L’Azerbajgian ha trasformato il suo checkpoint installato illegalmente sul Corridoio di Lachin in una roccaforte militare, bloccando anche gli aiuti umanitarie alla Repubblica di Artsakh/Nagorno-Karabakh.

L’installazione della barriera con blocchi di cemento sul ponte Hakari.

L’Azerbajgian non solo ha illegalmente installato un posto di blocco e ostruito la strada utilizzando veicoli blindati, ma sta anche impedendo attivamente qualsiasi movimento con i blocchi di cemento, compreso quello dei veicoli del Comitato Internazionale della Croce Rossa e delle forze di mantenimento della pace russe. Questo incidente serve come l’ennesima dimostrazione delle intenzioni criminali delle autorità azere, di isolare completamente la popolazione dell’Artsakh dal resto del mondo e impegnare tutti i mezzi di repressione possibili.

La barriera con blocchi di cemento sul ponte Hakari.

Poco prima di un prossimo ciclo di colloqui di pace, in un’intervista con Reuters, Jeyhun Bayramov, Ministro degli Esteri dell’Azerbajgian, ha rifiutato la richiesta dell’Armenia di offrire speciali garanzie di sicurezza per i 120.000 Armeni che vivono nell’Artsakh/Nagorno-Karabakh. Bayramov ha sottolineato che «tali garanzie non sono necessarie e questa richiesta rappresenta un’interferenza negli affari interni dell’Azerbajgian».

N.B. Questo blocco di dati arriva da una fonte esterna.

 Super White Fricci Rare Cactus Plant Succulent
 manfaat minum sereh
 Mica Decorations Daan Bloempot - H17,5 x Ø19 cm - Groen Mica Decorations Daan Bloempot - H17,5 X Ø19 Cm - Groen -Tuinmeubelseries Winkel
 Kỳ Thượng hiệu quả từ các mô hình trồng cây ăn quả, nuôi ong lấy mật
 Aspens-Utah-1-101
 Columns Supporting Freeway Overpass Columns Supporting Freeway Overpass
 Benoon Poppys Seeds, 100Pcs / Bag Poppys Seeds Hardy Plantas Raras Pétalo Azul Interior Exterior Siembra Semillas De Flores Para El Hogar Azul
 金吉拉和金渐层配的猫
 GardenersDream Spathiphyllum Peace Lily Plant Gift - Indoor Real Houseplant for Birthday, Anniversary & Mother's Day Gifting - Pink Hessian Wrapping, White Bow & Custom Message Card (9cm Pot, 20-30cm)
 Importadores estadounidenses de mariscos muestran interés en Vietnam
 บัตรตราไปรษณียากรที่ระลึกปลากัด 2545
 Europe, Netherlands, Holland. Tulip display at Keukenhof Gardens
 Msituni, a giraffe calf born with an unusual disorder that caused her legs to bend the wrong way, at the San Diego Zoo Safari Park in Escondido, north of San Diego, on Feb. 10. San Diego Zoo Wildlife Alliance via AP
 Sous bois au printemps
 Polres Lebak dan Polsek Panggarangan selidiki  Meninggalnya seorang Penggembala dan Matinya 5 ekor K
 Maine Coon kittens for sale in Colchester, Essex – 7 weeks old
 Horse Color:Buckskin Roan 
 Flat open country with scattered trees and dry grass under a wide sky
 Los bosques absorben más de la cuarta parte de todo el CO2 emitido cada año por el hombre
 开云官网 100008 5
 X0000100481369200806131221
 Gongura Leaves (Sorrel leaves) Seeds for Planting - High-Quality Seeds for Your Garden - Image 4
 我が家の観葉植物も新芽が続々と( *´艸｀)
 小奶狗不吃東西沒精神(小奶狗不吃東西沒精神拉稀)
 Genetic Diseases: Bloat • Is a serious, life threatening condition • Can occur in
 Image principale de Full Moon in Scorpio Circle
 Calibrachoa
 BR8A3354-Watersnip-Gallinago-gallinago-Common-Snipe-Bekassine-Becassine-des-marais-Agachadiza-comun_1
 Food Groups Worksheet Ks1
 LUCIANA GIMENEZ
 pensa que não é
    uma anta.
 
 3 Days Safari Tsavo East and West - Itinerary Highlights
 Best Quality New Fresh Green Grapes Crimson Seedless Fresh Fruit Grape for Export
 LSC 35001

Abbiamo a disposizione un elenco interminabile di risoluzioni, ordinanze e condanne. Tutte senza alcuna eccezione puntualmente cestinate da Aliyev, seguite ogni volta da un’escalation. Senza la loro attuazione concreta con azioni e fatti, il Consiglio d’Europa, la Commissione Europea, l’Organizzazione per la Sicurezza e la Cooperazione in Europa, il Dipartimento di Stato, ecc. stanno solo dicendo al regime autocratico di Baku che le chiacchiere sono a buon mercato e l’autocrate Aliyev può continuare le sue violazioni del diritto e degli accordi sottoscritto come se nulla fosse accaduto. Poi, l’ha detto pure lui in chiare lettere che è così. Lo stiamo ripetendo dal principio: una diplomazia credibile richiede azione, non vuota retorica.

La triste storia del batiscafo Titan ha tenuto il mondo con il fiato sospeso. Giorni di ansia, di ricerche affannate, durante i quali media e analisti hanno fatto a gara a capire cosa fosse successo e a raccontare di come i naufraghi del profondo potessero risparmiare aria per tentare di sopravvivere più a lungo.
Tutta questa apprensione non vediamo per la sorte degli Armeni in Artsakh.

I leoni di tastiera sui social che piangono per il dramma dei passeggeri nel batiscafo Titan, sono gli stessi che ignorano il dramma umanitaria che vivono 120.000 Armeni tra cui 30.000 bambini rinchiuso con un blocco totale in Artsakh.

«La mia amica di Stepanakert ha appena pubblicato questa foto sul suo account Instagram con la seguente didascalia: “Non mi scuso per il post antiestetico! Questi sono le dita di mia nipote di 8 anni che ha una carenza vitaminica (indovina qual è il motivo)”. Sono molto triste per questo» (Anita Khachaturova).

«Questo bambino di un anno è in condizioni critiche, la cui vita può essere salvata trasportandolo in un ospedale in Armenia. Ma il despota dell’Azerbajgian non lascia nemmeno che il Comitato Internazionale della Croce Rossa entra nel Nagorno-Karabakh. #ArtsakhBlockade genocida TOTALE! Aliyev sta uccidendo i nostri figli!» (Nara Matini).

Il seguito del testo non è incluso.